【小西啓一の今日もジャズ日和Vol.791~番組60周年~】
「テイスト・オブ・ジャズ」が今年の8月でなんと60周年を迎えることになった。前から番組は50余年の歴史...等と言っていたのだが、局のある人物がこの8月で60年だという編成資料を探し出してきて、それならば一つ特番でも...と言う話になり、7月21日海の日に、一足早い周年記念特番を放送することになった。山下洋輔や阿川泰子と言った錚々たるミュージシャンやシンガー、ジャズ雑誌編集長、そしてJ-ジャズ発展に大きな貢献を果たしてきた、「新宿ピットイン」の創始者にして会長の佐藤良武など、様々な面々のお祝いメッセージを集め、その方に関係するナンバーと共にお送りしようというもので1時間15分の長尺。

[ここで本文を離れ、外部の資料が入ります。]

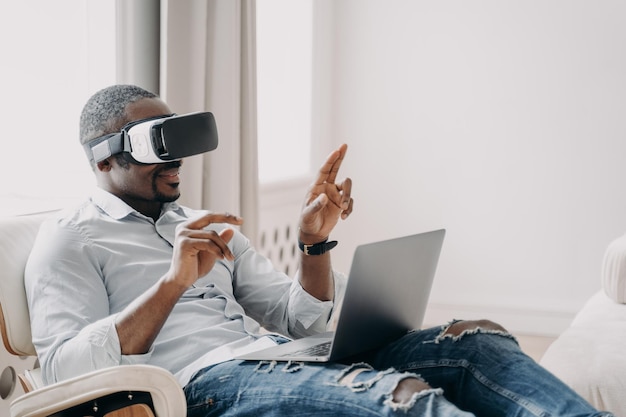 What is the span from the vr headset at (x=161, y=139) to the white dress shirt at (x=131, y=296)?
124 millimetres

まあ普段は至極簡単にジャズ番組を制作しているのだが、特番となるとお祝いメッセージ一つでも収録するのが中々に大変。わずか3分弱の短いものだが、若い人は自身で簡単にメッセージを収録して送ってくれたりもするが、大御所と言うベテラン達はそうもいかない。東京の各地を都下から都心の街まで、チャンジー(爺さん)の身一つで右往左往しながら、お祝い収集の行脚旅。まあ暑い中疲れはしたが、それなりに意味もあった。

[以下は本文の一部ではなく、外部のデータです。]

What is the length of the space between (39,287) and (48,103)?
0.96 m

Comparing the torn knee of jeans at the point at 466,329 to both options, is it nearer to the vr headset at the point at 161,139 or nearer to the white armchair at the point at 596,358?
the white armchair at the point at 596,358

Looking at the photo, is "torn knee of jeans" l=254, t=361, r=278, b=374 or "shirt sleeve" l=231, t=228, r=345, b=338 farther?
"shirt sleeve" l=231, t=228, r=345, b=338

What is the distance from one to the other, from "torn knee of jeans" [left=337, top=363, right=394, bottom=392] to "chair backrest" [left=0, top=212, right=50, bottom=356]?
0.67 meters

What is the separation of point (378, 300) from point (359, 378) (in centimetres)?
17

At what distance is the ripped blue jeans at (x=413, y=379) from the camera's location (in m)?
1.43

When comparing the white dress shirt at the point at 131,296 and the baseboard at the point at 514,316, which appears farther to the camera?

「テイスト・オブ・ジャズ」60周年、特番の中ではぼく自身も登場、番組の沿革や苦労話なども短く披露しているが、まあ本当によく続いたものである。これには音楽番組番外地だった「ラジオたんぱ(ラジオNIKKEI)」の局の特殊性もかなり関係していると思うが、長く続けさせてもらった局の編成関係者には、謝・謝の想いも強い。番組はジャズ関係者には良く知られた存在、局の先輩で今は亡き木全信がレコード会社に移籍、「お前が後を継げ」と言われてから50余年。ぼく自身も番組制作以外にいろいろな部署に移ったのだが、後輩のアナウンサーなどに頼んだりして、余り休止期間をおかずに続けてきた...と言う経過があり、まさに日本のラジオ界いや世界の中でも、稀有な存在の番組だと言えるのではないだろうか...。ご承知のように、短波という電波は前述のようにある意味音楽には適さないことを意味しており、それだけに局でも音楽番組、ことにジャズという些か枠に入らない音楽などは目の敵にされた時もあった。「何をあいつは趣味の番組で遊んでいるんだ...」などと、デスクの先輩から嫌味をよく聞かされたものだったし、後輩の中にもそんなことを言いふらす嫌味な輩もいた。何より出演するミュージシャンなどに、「小西さんこの番組誰がどこで誰が聞いているの...」などと言われると、こちらも些か逡巡してしまうこともしばしば...と言った苦い想いも多い。しかしこの30年ほどで状況は一転、特にラジコの登場は番組にとっても局にとっても大きな転換点だった。
まあ様々な紆余曲折を経て、番組はスタートからなんと60年。今回の特番では多くの方達が「60」という数字の重みを語ってくれたが、ぼく自身もそれをしっかり受け止め大切にしていかないと...と、今改めて思う。何より元気な山本郁嬢に期待するところも大なのだが、番組とジャズはマスト・ゴー・オン...と言った心境で、やれる範囲で頑張りますので、ご贔屓のほど...。
【今週の番組ゲスト:フリー編集者の池上信次さん】
『ジャズな映画 名作100ガイド』をご紹介頂きました。